Esiste dunque una poesia cui pochi hanno accesso: quella del paesaggio.
L’arte di osservare e quindi di creare.
Dipingere il paesaggio, senza pennelli o tela.
Per la creazione dello stesso, d’altronde vi è bisogno dell’attimo prima di tutto, poi di un osservatore. Gli occhi diventano metafore di libertà che tratteggiano, quindi dipingono un non spazio – un tempo sospeso.
Camminare diventa arte, poiché mezzo attraverso cui giungere in modo sapenziale a un processo del miglioramento del sé.

La pratica per accedervi è cammino lento, spesso tortuoso, a volte faticoso, mai banale, che giunga al punto d’osservazione e dia il senso e la misura non della conquista estetica, non del compiacimento dell’Io, ma di una sconfitta nei confronti dell’immenso cui ci si abbandona nella contemplazione del proprio essere parte, medium dell’attimo.

Quelli che vi hanno accesso accettano che tale sensazione sia vera solo se la pratica è depurata dalla corsa e dalla metodica occidentale della ricerca del primato.

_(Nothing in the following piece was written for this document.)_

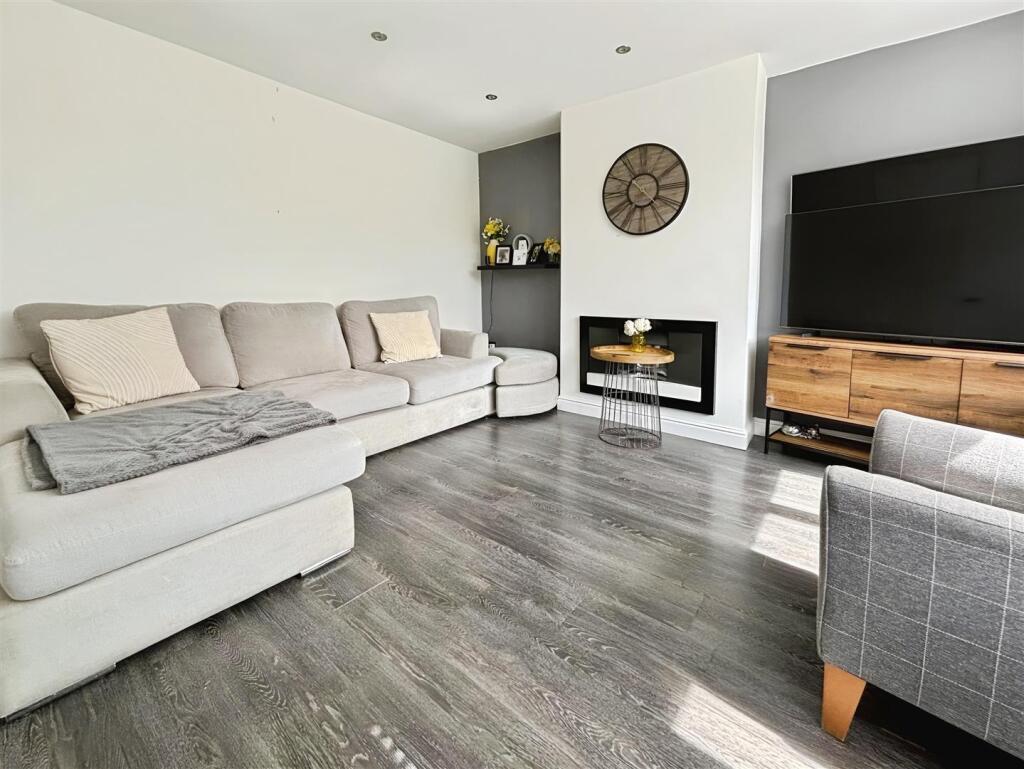 Additional image 4 of Moorside Gardens, Bradford, BD2 3RE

Il pranzo sul punto più alto, la sosta conviviale con l’altro o con se stessi, la condivisione del pezzo di cioccolato anche quando è gesto da applicare a una solitudine apparente, è il ritorno del symbolon e dell’unione salvifica con l’alterità. Attraverso una ritualità inconsapevole che sa di comunità, la montagna, la natura offre l’occasione di una apoteosi artistico – filosofica, avvicinamento lento alla conoscenza di attimi che mirino all’osservazione e quindi alla creazione del paesaggio.
La natura annulla così la pornografia dei corpi vuoti di estrazione occidentale, favorendo un processo che ci riporta alla transumanza nella sua accezione primaria: passaggio attraverso le terre.
E così, infine, lasciarsi attraversare come paesaggio.